For this exercise, output the line containing "COMME des GARCONS" and every line after it through the end of the records, exactly, and no other line.

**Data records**
====================
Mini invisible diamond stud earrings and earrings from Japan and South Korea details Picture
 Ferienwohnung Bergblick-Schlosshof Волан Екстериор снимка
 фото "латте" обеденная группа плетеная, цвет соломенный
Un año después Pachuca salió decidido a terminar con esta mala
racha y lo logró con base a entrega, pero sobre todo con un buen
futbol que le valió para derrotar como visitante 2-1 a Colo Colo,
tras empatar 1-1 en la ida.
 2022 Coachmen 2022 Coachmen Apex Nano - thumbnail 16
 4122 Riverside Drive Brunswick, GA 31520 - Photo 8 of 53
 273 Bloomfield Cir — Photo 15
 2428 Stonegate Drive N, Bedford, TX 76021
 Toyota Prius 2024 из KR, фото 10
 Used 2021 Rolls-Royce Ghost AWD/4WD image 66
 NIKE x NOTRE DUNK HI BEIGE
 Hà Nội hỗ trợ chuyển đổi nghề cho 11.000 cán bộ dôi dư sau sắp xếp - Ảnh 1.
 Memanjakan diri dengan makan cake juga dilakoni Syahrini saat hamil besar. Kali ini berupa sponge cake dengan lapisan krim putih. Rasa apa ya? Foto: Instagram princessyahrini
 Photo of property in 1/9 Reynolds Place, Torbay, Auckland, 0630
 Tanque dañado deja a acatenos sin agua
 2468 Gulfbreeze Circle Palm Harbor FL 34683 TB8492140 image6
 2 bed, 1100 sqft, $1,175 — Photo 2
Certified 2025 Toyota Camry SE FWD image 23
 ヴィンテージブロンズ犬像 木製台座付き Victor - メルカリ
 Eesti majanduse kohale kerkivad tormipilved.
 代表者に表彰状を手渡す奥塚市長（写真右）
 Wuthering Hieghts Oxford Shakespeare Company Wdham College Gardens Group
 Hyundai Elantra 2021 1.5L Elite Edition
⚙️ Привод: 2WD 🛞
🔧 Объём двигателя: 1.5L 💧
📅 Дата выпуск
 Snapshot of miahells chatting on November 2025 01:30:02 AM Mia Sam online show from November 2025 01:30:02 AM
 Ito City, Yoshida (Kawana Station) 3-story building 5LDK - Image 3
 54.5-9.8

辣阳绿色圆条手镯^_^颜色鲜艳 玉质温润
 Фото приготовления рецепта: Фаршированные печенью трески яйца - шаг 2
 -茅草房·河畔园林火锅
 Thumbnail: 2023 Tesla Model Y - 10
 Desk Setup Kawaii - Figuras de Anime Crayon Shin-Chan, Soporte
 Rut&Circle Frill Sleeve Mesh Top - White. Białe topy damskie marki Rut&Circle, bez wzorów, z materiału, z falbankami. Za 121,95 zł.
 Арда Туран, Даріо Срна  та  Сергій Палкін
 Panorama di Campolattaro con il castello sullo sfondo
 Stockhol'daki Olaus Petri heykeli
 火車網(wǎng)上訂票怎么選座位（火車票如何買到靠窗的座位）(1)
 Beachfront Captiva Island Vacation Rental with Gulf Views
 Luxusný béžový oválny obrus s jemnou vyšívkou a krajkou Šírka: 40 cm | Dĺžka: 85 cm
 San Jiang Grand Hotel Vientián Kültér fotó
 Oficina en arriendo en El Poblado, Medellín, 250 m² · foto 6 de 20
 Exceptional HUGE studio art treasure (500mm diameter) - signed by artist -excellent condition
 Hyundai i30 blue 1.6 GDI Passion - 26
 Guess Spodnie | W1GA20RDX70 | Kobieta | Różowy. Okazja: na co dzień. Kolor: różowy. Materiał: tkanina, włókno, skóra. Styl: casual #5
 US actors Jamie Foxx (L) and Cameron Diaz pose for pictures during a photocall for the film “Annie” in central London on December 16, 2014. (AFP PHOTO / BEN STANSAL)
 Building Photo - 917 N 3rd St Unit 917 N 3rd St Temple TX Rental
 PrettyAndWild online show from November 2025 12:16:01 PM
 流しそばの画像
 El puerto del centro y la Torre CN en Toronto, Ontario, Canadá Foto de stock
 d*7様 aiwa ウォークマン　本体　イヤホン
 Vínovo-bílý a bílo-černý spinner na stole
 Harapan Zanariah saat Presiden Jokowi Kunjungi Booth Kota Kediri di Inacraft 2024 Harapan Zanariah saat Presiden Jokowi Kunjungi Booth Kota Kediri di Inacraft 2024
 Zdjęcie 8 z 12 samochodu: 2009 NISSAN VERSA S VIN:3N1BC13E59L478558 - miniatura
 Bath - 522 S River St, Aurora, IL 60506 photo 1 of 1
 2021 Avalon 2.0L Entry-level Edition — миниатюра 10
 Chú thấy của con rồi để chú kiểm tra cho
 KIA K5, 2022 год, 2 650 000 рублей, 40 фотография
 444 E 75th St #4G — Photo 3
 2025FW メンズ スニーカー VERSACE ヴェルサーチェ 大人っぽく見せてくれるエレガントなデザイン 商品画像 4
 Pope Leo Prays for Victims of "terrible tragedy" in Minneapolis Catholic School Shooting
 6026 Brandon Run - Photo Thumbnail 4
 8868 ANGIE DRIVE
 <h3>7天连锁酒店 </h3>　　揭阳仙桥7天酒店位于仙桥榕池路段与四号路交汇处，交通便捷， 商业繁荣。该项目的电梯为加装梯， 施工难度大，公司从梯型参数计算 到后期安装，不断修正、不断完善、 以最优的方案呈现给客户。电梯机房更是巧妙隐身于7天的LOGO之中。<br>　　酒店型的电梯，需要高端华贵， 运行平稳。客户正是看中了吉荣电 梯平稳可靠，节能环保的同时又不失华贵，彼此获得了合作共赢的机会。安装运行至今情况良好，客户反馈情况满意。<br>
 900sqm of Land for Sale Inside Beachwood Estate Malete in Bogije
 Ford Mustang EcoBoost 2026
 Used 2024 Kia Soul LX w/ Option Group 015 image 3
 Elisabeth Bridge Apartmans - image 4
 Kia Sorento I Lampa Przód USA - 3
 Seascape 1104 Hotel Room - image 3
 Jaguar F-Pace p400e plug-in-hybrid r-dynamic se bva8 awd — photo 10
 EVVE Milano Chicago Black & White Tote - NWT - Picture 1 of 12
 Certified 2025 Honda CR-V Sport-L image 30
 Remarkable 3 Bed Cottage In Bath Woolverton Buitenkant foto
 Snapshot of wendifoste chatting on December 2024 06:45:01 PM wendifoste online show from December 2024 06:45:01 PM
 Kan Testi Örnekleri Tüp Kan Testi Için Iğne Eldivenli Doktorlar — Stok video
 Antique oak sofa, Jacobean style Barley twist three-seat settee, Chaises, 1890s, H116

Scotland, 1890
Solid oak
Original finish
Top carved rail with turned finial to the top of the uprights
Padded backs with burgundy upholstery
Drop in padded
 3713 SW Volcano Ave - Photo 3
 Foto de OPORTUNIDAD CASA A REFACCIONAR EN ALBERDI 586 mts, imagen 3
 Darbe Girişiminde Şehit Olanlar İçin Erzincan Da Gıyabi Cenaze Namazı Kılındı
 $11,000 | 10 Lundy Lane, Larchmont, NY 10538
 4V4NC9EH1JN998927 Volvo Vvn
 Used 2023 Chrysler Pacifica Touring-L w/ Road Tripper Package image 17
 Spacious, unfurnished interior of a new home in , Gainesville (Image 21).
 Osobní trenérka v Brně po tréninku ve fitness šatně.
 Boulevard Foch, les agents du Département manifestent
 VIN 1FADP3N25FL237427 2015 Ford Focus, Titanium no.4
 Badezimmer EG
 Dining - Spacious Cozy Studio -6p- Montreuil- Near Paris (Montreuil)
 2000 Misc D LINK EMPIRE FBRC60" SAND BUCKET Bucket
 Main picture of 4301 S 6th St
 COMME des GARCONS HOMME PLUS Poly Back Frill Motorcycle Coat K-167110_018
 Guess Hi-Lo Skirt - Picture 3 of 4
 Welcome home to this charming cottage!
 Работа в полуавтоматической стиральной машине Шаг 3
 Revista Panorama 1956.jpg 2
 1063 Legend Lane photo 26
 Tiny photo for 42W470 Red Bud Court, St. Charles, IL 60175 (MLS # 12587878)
====================
**Answer to this task**
 COMME des GARCONS HOMME PLUS Poly Back Frill Motorcycle Coat K-167110_018
 Guess Hi-Lo Skirt - Picture 3 of 4
 Welcome home to this charming cottage!
 Работа в полуавтоматической стиральной машине Шаг 3
 Revista Panorama 1956.jpg 2
 1063 Legend Lane photo 26
 Tiny photo for 42W470 Red Bud Court, St. Charles, IL 60175 (MLS # 12587878)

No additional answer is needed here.